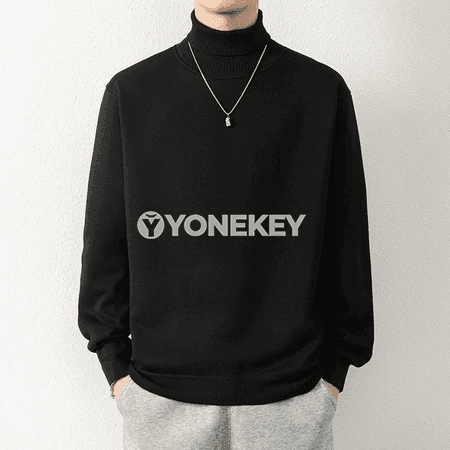 Erkekler üçin ýyly trikotaž switer, ýokary boýunly, gyş üçin amatly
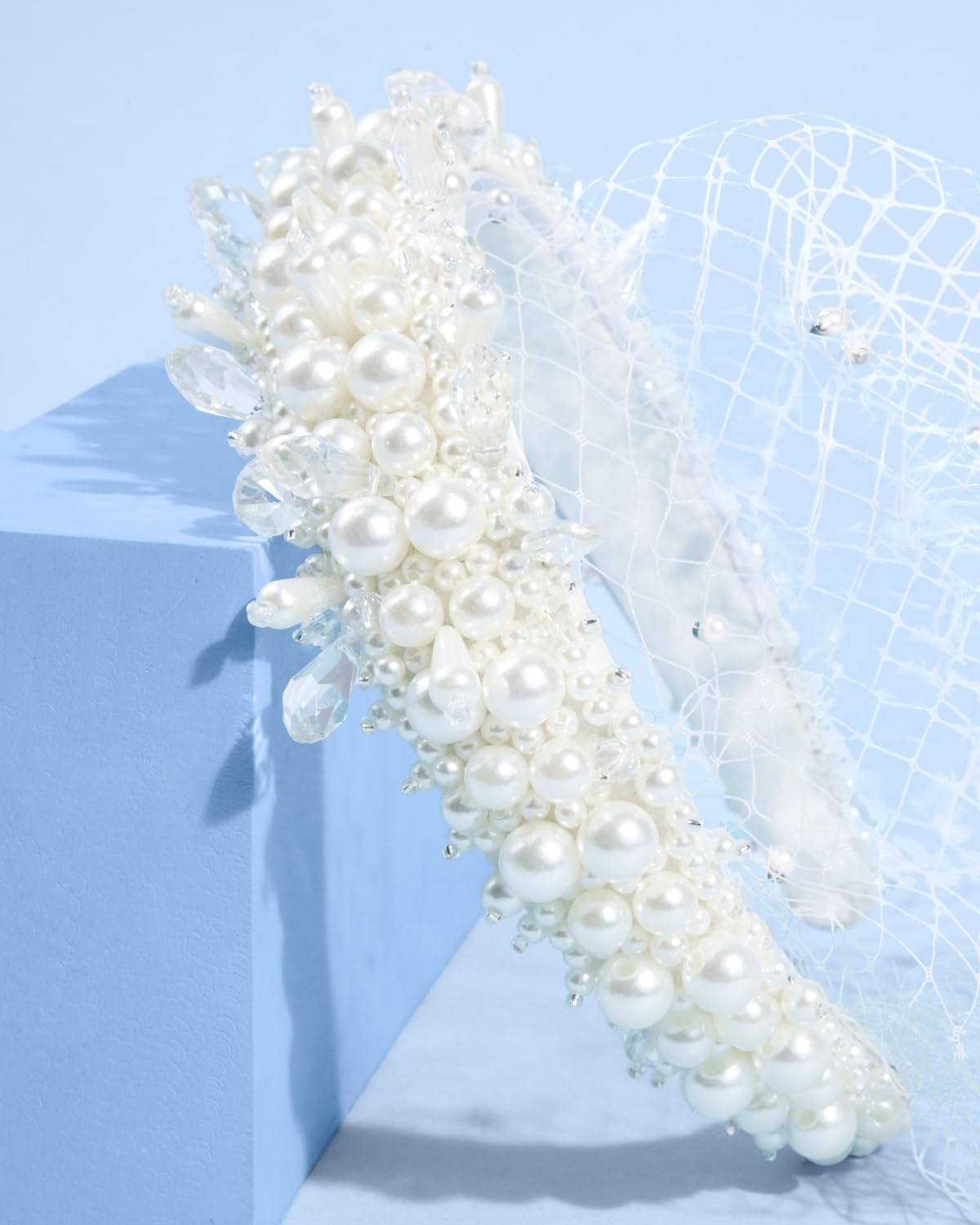 xo, Fetti Pearl Beaded Bridal Headband + Birdcage Veil | Bachelorette Party Hairpiece, Bridal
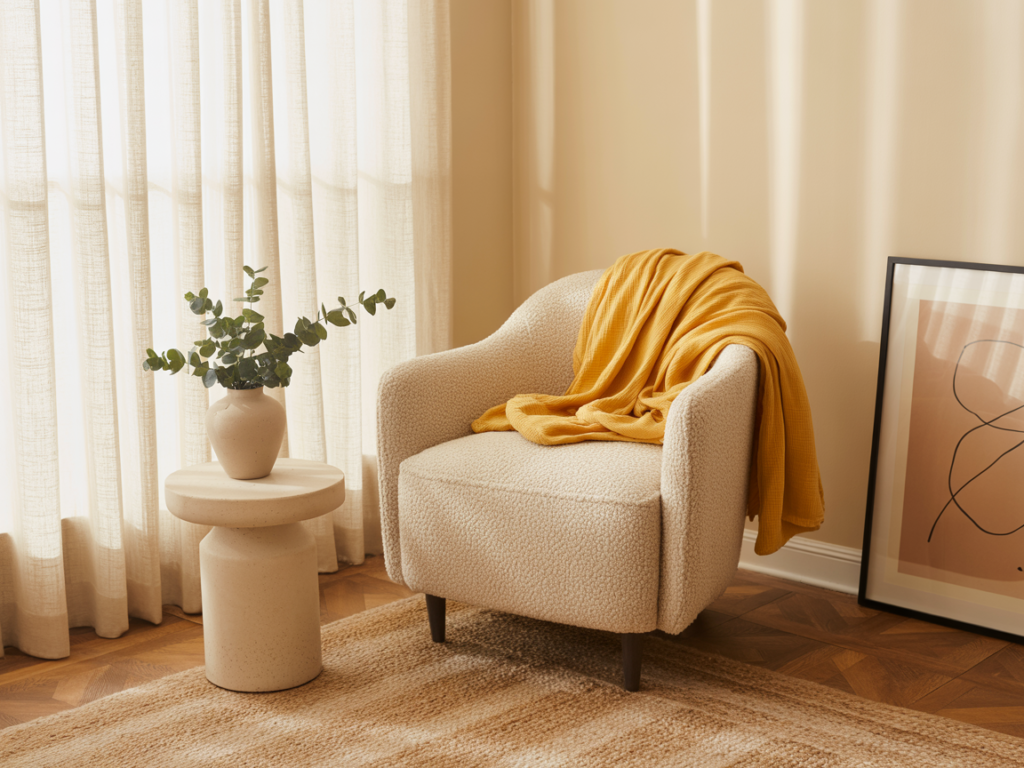 Cozy modern reading nook featuring a textured cream armchair draped with a mustard yellow throw blanket, beside a sculptural stone side table with a ceramic vase and eucalyptus stems. Soft natural light filters through sheer curtains, with abstract wall art leaning casually on the floor, all set on a woven neutral rug.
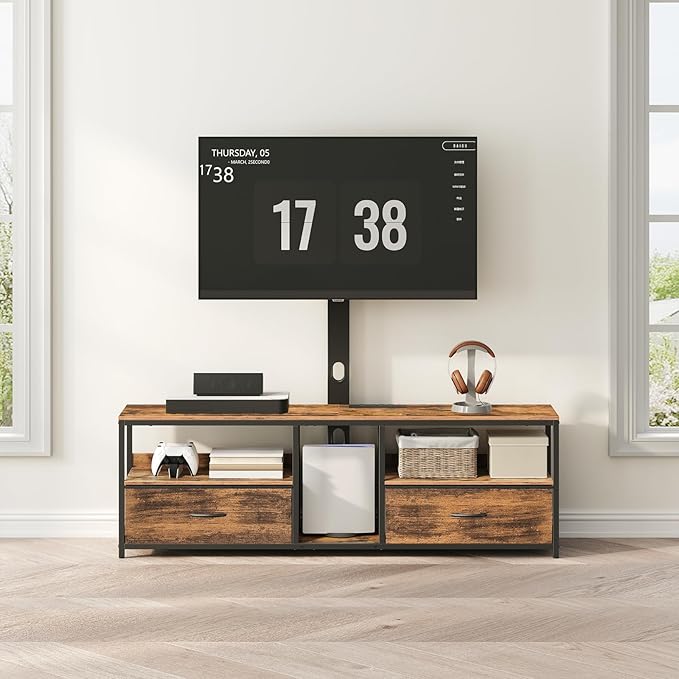 TV Stand with Mount for up to 75", Entertainment Center with Switch-Controlled Charging Station, Swivel TV Stand Mount with Fabric Drawers, for Living Room, Rustic Brown TVHR154E01N1
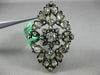 ANTIQUE LARGE 2.0CT DIAMOND 14KT YELLOW GOLD & SILVER 3D FLOWER LEAF BROOCH PIN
◇ ◇ ◇
EXERCISE OBJECTIVE
Pictures stay out, but everything else in the records must be output exactly.

RESULT
 Erkekler üçin ýyly trikotaž switer, ýokary boýunly, gyş üçin amatly
 xo, Fetti Pearl Beaded Bridal Headband + Birdcage Veil | Bachelorette Party Hairpiece, Bridal
 Cozy modern reading nook featuring a textured cream armchair draped with a mustard yellow throw blanket, beside a sculptural stone side table with a ceramic vase and eucalyptus stems. Soft natural light filters through sheer curtains, with abstract wall art leaning casually on the floor, all set on a woven neutral rug.
 TV Stand with Mount for up to 75", Entertainment Center with Switch-Controlled Charging Station, Swivel TV Stand Mount with Fabric Drawers, for Living Room, Rustic Brown TVHR154E01N1
 ANTIQUE LARGE 2.0CT DIAMOND 14KT YELLOW GOLD & SILVER 3D FLOWER LEAF BROOCH PIN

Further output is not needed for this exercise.